Activity:
Write out the lines from the top of the material through the line with "Fishing Pond II", exactly and with nothing added.

(Material for this task begins)

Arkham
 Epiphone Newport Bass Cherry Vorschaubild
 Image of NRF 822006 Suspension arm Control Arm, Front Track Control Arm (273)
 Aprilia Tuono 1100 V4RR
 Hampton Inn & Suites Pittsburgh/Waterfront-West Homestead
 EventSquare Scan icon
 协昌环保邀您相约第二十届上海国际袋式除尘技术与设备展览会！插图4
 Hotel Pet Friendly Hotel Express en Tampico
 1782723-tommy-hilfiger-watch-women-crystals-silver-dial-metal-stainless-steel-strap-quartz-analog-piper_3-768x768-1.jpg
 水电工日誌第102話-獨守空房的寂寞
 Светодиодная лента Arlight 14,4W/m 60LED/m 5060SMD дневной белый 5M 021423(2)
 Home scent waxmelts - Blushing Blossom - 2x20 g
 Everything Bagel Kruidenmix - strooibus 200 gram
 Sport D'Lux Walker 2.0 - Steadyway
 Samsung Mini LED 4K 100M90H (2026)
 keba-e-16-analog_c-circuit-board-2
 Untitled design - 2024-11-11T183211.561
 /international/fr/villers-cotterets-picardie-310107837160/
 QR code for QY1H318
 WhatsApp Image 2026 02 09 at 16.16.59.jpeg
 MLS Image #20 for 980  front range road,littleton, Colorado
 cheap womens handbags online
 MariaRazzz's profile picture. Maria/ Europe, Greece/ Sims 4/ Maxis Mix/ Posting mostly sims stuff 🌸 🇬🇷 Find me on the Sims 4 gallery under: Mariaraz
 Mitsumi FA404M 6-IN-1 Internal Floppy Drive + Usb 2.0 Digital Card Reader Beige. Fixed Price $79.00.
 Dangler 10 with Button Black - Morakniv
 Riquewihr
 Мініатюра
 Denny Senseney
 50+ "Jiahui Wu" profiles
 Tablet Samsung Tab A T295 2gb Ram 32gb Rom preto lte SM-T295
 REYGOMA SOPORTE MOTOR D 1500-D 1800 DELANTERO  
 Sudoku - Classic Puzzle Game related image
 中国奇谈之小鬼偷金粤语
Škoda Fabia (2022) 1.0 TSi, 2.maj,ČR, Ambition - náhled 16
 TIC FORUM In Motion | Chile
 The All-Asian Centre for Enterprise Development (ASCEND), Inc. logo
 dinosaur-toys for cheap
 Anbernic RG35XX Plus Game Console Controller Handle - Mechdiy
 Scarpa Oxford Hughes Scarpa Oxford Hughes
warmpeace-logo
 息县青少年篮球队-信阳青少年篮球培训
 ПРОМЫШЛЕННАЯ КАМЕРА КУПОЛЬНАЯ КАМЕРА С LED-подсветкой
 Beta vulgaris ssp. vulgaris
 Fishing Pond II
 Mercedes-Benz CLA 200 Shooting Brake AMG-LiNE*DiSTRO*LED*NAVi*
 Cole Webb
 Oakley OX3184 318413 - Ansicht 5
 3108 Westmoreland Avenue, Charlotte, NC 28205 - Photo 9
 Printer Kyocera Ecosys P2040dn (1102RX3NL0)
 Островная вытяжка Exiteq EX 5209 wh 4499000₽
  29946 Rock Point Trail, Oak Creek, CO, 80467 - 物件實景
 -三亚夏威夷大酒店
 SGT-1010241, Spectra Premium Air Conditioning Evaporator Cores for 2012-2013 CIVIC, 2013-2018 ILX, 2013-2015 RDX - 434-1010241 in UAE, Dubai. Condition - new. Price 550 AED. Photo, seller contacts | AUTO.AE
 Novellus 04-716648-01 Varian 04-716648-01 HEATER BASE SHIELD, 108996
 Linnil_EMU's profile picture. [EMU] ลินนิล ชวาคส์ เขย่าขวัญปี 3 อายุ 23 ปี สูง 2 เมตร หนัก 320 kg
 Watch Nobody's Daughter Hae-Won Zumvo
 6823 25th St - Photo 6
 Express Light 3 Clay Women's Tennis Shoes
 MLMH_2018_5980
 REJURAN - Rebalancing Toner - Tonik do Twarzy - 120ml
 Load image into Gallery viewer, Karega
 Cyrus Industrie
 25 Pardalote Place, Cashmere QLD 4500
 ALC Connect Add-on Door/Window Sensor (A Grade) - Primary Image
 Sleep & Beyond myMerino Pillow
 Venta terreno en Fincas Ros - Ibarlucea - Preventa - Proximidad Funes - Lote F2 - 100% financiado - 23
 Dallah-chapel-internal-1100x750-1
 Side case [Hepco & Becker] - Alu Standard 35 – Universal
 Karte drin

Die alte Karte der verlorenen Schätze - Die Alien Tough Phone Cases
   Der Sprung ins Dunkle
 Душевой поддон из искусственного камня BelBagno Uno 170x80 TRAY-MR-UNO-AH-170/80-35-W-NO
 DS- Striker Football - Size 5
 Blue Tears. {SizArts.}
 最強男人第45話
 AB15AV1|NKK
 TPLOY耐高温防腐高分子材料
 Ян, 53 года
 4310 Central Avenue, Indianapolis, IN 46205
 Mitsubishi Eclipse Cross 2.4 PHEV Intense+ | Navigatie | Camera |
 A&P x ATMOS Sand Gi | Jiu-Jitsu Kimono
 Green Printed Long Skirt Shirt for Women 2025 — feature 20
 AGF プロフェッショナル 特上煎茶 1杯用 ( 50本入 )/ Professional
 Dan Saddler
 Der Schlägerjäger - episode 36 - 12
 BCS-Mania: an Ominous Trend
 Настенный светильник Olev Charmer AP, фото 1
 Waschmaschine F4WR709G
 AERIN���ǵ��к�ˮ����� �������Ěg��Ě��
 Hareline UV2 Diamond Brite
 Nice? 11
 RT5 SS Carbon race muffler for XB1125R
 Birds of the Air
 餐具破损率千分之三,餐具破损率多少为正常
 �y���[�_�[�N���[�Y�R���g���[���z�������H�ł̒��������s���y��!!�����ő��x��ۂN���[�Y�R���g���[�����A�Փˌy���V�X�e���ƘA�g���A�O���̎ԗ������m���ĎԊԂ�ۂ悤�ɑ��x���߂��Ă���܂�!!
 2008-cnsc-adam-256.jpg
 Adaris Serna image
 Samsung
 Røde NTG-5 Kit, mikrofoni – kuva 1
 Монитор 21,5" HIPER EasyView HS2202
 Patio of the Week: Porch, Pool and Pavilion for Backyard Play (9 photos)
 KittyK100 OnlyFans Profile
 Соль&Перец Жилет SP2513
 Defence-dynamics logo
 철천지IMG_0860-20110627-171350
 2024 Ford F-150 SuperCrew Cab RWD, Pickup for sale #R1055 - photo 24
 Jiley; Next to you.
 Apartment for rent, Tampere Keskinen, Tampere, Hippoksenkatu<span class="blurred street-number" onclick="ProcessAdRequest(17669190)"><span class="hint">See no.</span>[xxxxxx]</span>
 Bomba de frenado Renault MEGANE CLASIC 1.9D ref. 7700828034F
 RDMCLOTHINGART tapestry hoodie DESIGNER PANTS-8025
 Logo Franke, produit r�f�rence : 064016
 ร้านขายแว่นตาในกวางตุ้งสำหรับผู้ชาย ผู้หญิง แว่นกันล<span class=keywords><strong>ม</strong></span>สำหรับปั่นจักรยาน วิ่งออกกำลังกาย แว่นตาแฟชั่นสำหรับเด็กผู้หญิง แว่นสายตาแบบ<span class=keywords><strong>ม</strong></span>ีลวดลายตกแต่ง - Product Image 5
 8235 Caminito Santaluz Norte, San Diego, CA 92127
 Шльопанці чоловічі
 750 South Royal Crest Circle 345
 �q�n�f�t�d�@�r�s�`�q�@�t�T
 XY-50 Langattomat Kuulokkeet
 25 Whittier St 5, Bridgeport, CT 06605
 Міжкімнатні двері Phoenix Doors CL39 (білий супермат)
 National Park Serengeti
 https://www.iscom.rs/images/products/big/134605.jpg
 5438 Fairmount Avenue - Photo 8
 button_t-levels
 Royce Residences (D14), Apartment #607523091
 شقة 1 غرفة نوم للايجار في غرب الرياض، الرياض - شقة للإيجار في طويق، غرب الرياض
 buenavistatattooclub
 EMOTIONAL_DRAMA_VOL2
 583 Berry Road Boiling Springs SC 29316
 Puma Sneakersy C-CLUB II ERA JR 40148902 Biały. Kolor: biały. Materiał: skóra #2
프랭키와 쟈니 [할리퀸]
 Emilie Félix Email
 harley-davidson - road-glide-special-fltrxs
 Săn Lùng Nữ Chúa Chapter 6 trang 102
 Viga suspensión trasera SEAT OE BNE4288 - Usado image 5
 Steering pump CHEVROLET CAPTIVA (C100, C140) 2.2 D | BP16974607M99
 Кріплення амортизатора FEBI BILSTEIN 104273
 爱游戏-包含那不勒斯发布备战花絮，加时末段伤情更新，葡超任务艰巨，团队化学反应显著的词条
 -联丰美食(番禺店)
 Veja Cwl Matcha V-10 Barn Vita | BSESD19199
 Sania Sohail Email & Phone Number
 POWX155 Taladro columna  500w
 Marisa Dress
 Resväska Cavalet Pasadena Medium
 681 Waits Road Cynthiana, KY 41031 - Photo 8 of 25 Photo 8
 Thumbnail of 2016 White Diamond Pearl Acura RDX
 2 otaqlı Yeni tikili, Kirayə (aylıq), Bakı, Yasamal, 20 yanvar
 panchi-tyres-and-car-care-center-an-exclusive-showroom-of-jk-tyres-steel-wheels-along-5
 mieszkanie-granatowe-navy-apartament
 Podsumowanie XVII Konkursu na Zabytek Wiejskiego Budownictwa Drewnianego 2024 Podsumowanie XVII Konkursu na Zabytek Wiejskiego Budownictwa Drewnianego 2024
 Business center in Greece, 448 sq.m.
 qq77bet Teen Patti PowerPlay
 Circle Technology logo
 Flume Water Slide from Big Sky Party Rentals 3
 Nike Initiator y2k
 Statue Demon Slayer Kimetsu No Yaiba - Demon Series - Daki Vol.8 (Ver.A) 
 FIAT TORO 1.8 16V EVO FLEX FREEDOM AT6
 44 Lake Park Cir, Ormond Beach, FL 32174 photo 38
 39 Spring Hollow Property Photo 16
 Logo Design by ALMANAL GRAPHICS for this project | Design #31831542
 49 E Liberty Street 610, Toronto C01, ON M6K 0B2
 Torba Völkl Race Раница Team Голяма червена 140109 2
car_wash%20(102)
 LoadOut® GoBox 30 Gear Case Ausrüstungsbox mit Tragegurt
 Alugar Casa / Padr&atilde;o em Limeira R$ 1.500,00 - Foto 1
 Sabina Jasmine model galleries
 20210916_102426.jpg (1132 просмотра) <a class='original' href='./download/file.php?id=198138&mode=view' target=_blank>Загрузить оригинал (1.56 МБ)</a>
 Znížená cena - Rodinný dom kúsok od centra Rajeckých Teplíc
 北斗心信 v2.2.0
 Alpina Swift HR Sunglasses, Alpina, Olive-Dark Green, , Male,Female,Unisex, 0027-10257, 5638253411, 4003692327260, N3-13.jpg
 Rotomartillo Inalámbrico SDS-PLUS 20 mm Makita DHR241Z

(Material for this task ends)

Reply:
Arkham
 Epiphone Newport Bass Cherry Vorschaubild
 Image of NRF 822006 Suspension arm Control Arm, Front Track Control Arm (273)
 Aprilia Tuono 1100 V4RR
 Hampton Inn & Suites Pittsburgh/Waterfront-West Homestead
 EventSquare Scan icon
 协昌环保邀您相约第二十届上海国际袋式除尘技术与设备展览会！插图4
 Hotel Pet Friendly Hotel Express en Tampico
 1782723-tommy-hilfiger-watch-women-crystals-silver-dial-metal-stainless-steel-strap-quartz-analog-piper_3-768x768-1.jpg
 水电工日誌第102話-獨守空房的寂寞
 Светодиодная лента Arlight 14,4W/m 60LED/m 5060SMD дневной белый 5M 021423(2)
 Home scent waxmelts - Blushing Blossom - 2x20 g
 Everything Bagel Kruidenmix - strooibus 200 gram
 Sport D'Lux Walker 2.0 - Steadyway
 Samsung Mini LED 4K 100M90H (2026)
 keba-e-16-analog_c-circuit-board-2
 Untitled design - 2024-11-11T183211.561
 /international/fr/villers-cotterets-picardie-310107837160/
 QR code for QY1H318
 WhatsApp Image 2026 02 09 at 16.16.59.jpeg
 MLS Image #20 for 980  front range road,littleton, Colorado
 cheap womens handbags online
 MariaRazzz's profile picture. Maria/ Europe, Greece/ Sims 4/ Maxis Mix/ Posting mostly sims stuff 🌸 🇬🇷 Find me on the Sims 4 gallery under: Mariaraz
 Mitsumi FA404M 6-IN-1 Internal Floppy Drive + Usb 2.0 Digital Card Reader Beige. Fixed Price $79.00.
 Dangler 10 with Button Black - Morakniv
 Riquewihr
 Мініатюра
 Denny Senseney
 50+ "Jiahui Wu" profiles
 Tablet Samsung Tab A T295 2gb Ram 32gb Rom preto lte SM-T295
 REYGOMA SOPORTE MOTOR D 1500-D 1800 DELANTERO  
 Sudoku - Classic Puzzle Game related image
 中国奇谈之小鬼偷金粤语
Škoda Fabia (2022) 1.0 TSi, 2.maj,ČR, Ambition - náhled 16
 TIC FORUM In Motion | Chile
 The All-Asian Centre for Enterprise Development (ASCEND), Inc. logo
 dinosaur-toys for cheap
 Anbernic RG35XX Plus Game Console Controller Handle - Mechdiy
 Scarpa Oxford Hughes Scarpa Oxford Hughes
warmpeace-logo
 息县青少年篮球队-信阳青少年篮球培训
 ПРОМЫШЛЕННАЯ КАМЕРА КУПОЛЬНАЯ КАМЕРА С LED-подсветкой
 Beta vulgaris ssp. vulgaris
 Fishing Pond II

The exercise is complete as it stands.